Matching with veal saltimbocca
Nick says:
When I read that Barolo was recommended to go with veal saltimbocca, I had a quick look to check it out - and you're right! Amazing! I couldn't think of a worse wine to go with this dish. Veal has almost no saturated fat in it, so why recommend the most tannic grape variety in the world?
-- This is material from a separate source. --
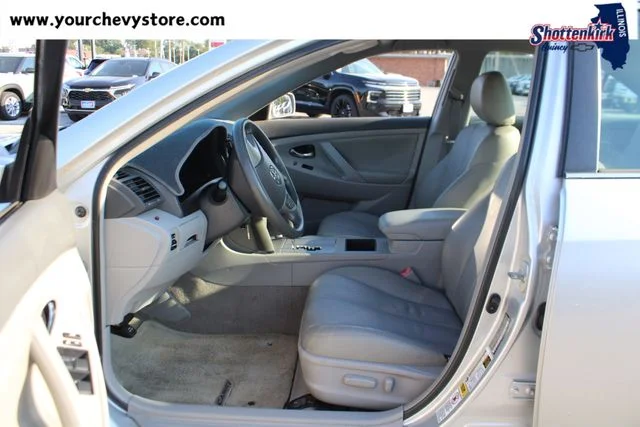 Used 2009 Silver Toyota LE image 10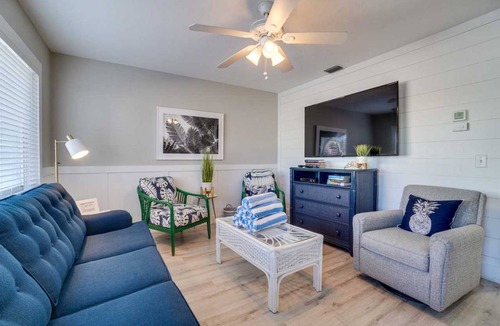 Bradenton Beach Condo | 67 m² Condo ∙ 2 bedrooms ∙ 6 guests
It sounds like you cook an authentic veal saltimbocca, so you add proscuitto, which is salty and clashes with tannins, and then it's sweetened with Marsala. The sage leaf on top vaguely suggests a red wine, but sage is such a strong unique flavour I'd struggle to match that flavour. To my mind this dish needs a low tannin wine, with medium plus body. In an ideal world a wine that was off dry, but there are so few of them, let's look for good ripeness, and I think it could be a red or white wine that has a savoury flavour. How about a really top end Pinot Grigio, with some spice to it? Or maybe a Verdicchio from the best producing area of Matelica, with a rich mid palate and a slightly bitter almond finish. If I wanted a red wine I'd be looking at a Valpolicella, but not the basic level, look for Valpolicella Ripasso, which is sometimes labelled Superiore, this is where the wine is fermented for a second time on the lees left over from the Amarone fermentation, and gives a real extra degree of complexity to the wine but still retaining that vibrant cherry fruit and low tannins.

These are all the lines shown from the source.